In the entries below, begin at the line that has "image for item", stop after the line that has "Bicicleta Infantil aro", and output those lines exactly with no pictures.

═══ Information shown

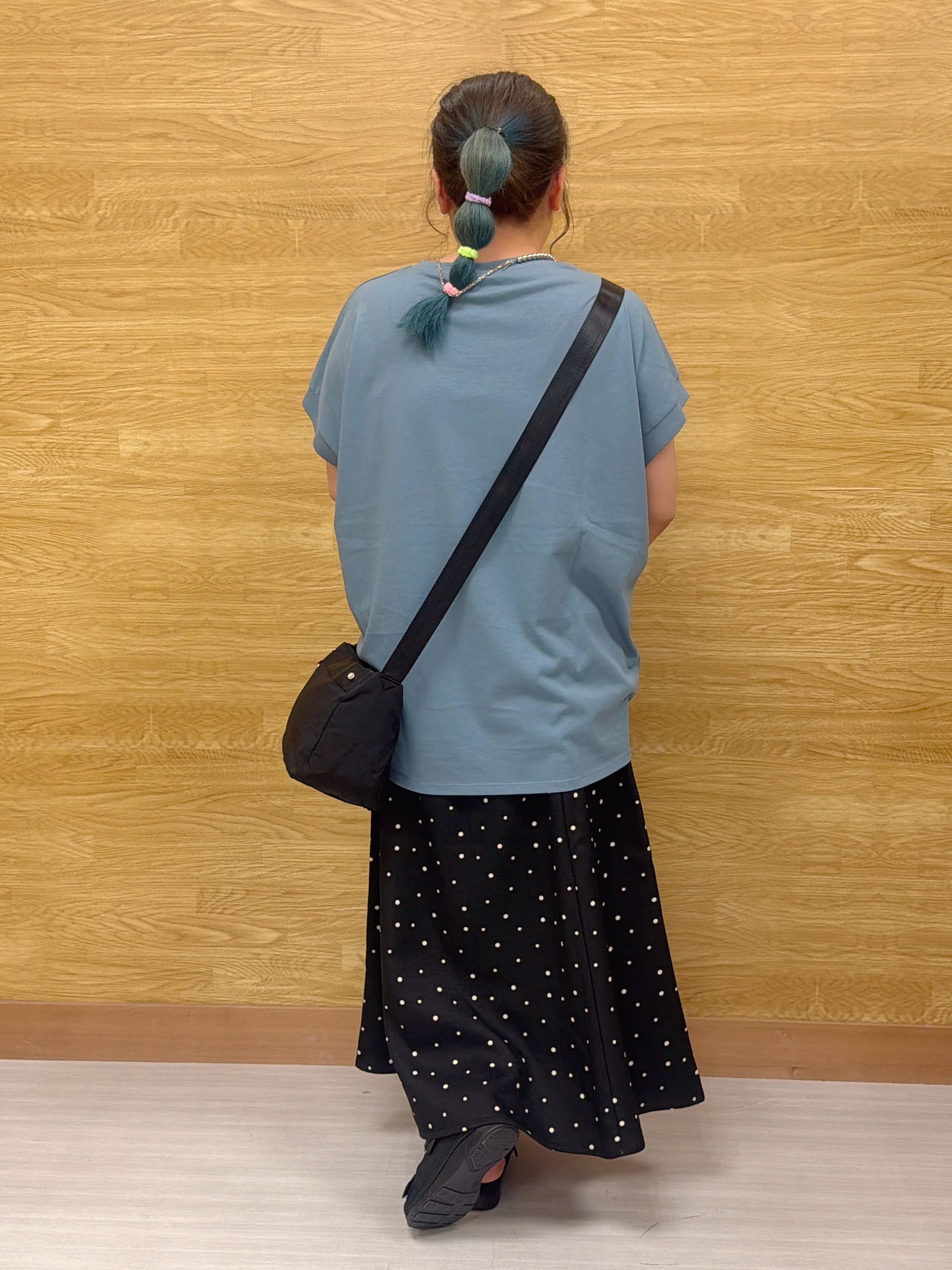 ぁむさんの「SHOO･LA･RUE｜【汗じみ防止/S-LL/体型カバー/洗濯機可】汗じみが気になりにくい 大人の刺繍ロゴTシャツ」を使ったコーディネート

══════
═══ Information shown

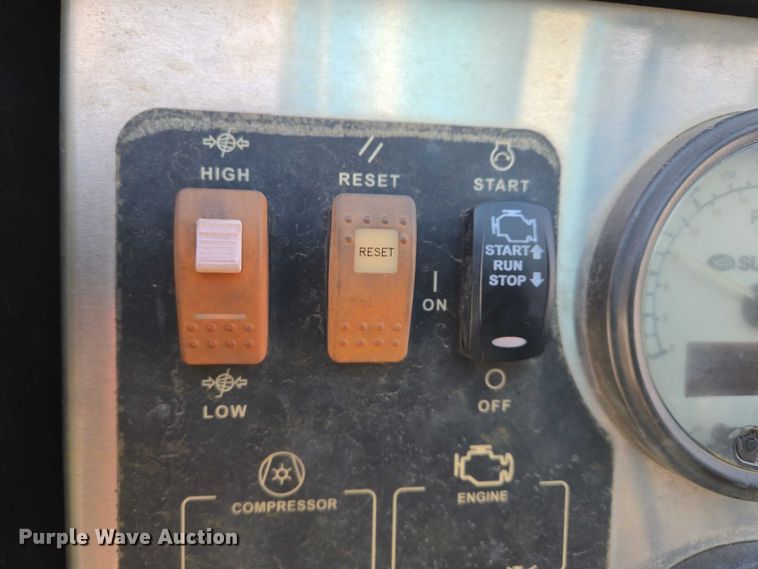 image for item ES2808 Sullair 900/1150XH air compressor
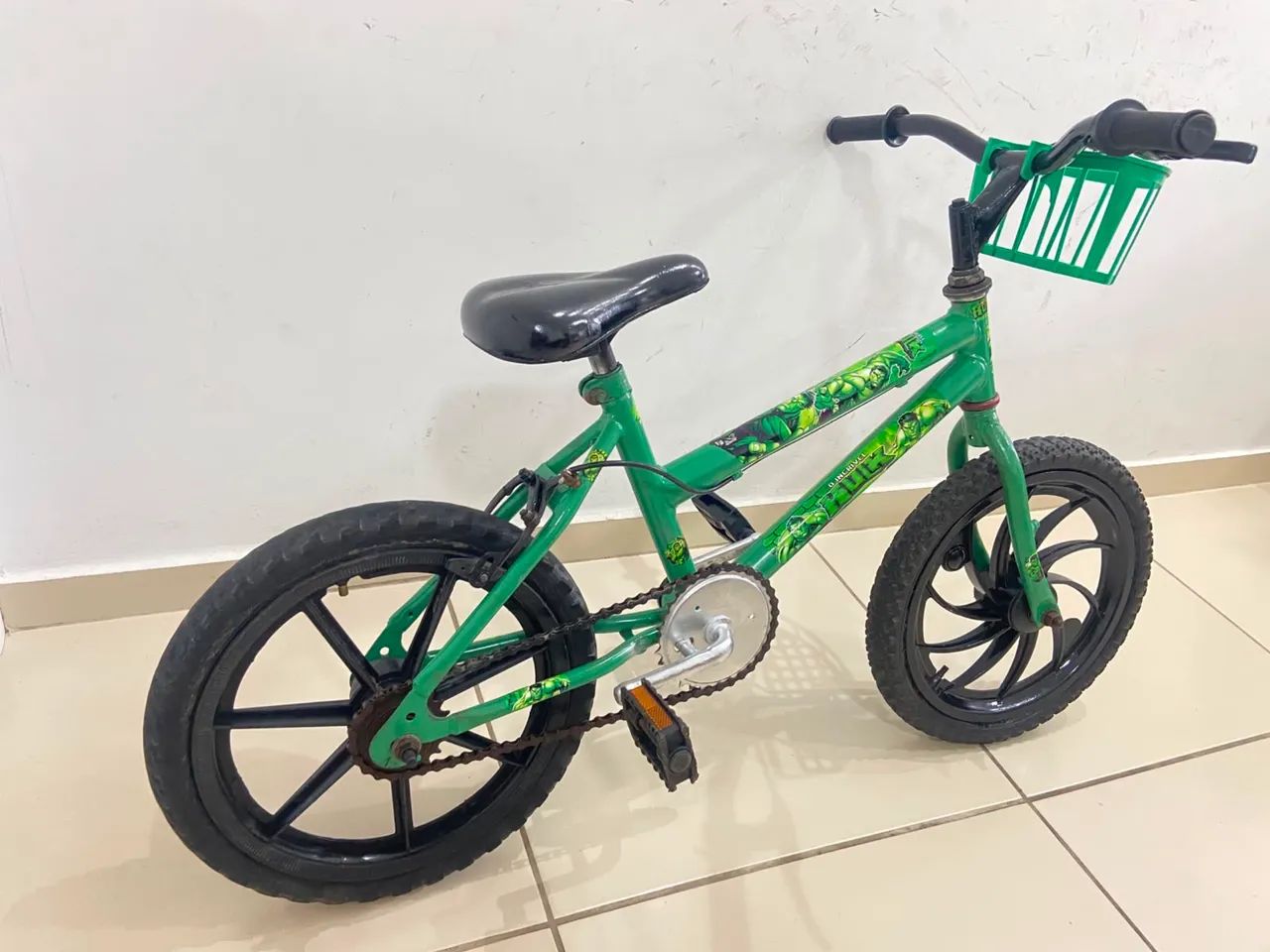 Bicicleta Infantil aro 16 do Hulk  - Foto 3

══════

**Completed exercise**.
 image for item ES2808 Sullair 900/1150XH air compressor
 Bicicleta Infantil aro 16 do Hulk  - Foto 3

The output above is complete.